_Instructions for the task_
Please take the lines from the one holding "pioggia e allagamenti a milano" through the one holding "Beautiful T2 - at" in the data below and copy them exactly.

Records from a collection
Content starts

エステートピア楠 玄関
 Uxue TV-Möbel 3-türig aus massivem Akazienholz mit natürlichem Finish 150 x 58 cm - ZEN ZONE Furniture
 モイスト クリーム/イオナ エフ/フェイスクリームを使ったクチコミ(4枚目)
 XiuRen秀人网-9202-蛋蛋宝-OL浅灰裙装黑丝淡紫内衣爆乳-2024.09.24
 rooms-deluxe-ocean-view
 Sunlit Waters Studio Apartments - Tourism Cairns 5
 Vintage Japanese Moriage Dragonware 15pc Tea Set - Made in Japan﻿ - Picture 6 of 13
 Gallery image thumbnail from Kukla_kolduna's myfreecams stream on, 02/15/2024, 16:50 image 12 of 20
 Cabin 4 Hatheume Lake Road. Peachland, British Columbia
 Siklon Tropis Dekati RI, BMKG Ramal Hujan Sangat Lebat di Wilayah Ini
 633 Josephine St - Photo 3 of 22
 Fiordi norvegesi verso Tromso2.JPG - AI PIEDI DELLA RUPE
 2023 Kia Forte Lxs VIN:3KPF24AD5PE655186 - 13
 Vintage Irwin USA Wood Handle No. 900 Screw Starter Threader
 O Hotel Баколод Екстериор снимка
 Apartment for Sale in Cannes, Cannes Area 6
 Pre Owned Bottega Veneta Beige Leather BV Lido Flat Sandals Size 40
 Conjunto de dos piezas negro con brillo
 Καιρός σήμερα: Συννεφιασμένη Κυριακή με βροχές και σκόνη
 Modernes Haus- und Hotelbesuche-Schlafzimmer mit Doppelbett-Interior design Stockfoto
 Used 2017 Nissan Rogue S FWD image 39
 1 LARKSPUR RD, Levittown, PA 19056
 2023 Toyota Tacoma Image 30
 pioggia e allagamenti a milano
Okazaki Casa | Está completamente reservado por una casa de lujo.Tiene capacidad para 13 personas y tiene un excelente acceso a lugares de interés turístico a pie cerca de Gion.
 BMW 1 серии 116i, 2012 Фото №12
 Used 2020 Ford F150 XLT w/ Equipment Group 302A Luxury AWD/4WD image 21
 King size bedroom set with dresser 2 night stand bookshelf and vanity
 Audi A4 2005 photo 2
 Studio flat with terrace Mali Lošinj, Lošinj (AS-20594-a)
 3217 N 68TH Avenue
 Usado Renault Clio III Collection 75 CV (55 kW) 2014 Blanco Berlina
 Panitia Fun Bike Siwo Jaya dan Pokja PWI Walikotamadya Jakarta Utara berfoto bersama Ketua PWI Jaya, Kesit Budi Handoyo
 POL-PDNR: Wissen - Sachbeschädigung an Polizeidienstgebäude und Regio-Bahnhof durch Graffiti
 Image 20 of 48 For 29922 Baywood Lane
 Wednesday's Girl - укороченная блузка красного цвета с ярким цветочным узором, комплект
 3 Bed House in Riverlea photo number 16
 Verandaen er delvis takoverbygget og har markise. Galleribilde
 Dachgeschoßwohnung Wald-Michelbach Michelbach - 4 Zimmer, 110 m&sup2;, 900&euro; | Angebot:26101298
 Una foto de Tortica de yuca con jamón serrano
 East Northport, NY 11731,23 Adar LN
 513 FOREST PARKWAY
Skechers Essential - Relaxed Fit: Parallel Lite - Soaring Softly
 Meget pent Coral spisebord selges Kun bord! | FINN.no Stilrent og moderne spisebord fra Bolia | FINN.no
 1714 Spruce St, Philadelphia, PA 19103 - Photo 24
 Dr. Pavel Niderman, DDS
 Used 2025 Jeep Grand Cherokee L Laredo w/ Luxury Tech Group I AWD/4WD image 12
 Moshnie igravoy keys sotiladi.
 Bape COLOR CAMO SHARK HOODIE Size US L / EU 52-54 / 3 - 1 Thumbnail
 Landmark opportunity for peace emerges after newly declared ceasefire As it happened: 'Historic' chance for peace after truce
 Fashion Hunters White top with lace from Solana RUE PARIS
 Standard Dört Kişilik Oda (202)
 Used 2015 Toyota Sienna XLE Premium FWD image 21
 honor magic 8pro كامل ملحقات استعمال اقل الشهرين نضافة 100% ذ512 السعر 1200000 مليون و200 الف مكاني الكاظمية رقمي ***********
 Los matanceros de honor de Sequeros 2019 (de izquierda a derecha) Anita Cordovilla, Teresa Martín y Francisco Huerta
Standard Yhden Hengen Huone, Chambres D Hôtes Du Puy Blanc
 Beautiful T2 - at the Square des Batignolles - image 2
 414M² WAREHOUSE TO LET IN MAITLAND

Content ends

_Task solution_
 pioggia e allagamenti a milano
Okazaki Casa | Está completamente reservado por una casa de lujo.Tiene capacidad para 13 personas y tiene un excelente acceso a lugares de interés turístico a pie cerca de Gion.
 BMW 1 серии 116i, 2012 Фото №12
 Used 2020 Ford F150 XLT w/ Equipment Group 302A Luxury AWD/4WD image 21
 King size bedroom set with dresser 2 night stand bookshelf and vanity
 Audi A4 2005 photo 2
 Studio flat with terrace Mali Lošinj, Lošinj (AS-20594-a)
 3217 N 68TH Avenue
 Usado Renault Clio III Collection 75 CV (55 kW) 2014 Blanco Berlina
 Panitia Fun Bike Siwo Jaya dan Pokja PWI Walikotamadya Jakarta Utara berfoto bersama Ketua PWI Jaya, Kesit Budi Handoyo
 POL-PDNR: Wissen - Sachbeschädigung an Polizeidienstgebäude und Regio-Bahnhof durch Graffiti
 Image 20 of 48 For 29922 Baywood Lane
 Wednesday's Girl - укороченная блузка красного цвета с ярким цветочным узором, комплект
 3 Bed House in Riverlea photo number 16
 Verandaen er delvis takoverbygget og har markise. Galleribilde
 Dachgeschoßwohnung Wald-Michelbach Michelbach - 4 Zimmer, 110 m&sup2;, 900&euro; | Angebot:26101298
 Una foto de Tortica de yuca con jamón serrano
 East Northport, NY 11731,23 Adar LN
 513 FOREST PARKWAY
Skechers Essential - Relaxed Fit: Parallel Lite - Soaring Softly
 Meget pent Coral spisebord selges Kun bord! | FINN.no Stilrent og moderne spisebord fra Bolia | FINN.no
 1714 Spruce St, Philadelphia, PA 19103 - Photo 24
 Dr. Pavel Niderman, DDS
 Used 2025 Jeep Grand Cherokee L Laredo w/ Luxury Tech Group I AWD/4WD image 12
 Moshnie igravoy keys sotiladi.
 Bape COLOR CAMO SHARK HOODIE Size US L / EU 52-54 / 3 - 1 Thumbnail
 Landmark opportunity for peace emerges after newly declared ceasefire As it happened: 'Historic' chance for peace after truce
 Fashion Hunters White top with lace from Solana RUE PARIS
 Standard Dört Kişilik Oda (202)
 Used 2015 Toyota Sienna XLE Premium FWD image 21
 honor magic 8pro كامل ملحقات استعمال اقل الشهرين نضافة 100% ذ512 السعر 1200000 مليون و200 الف مكاني الكاظمية رقمي ***********
 Los matanceros de honor de Sequeros 2019 (de izquierda a derecha) Anita Cordovilla, Teresa Martín y Francisco Huerta
Standard Yhden Hengen Huone, Chambres D Hôtes Du Puy Blanc
 Beautiful T2 - at the Square des Batignolles - image 2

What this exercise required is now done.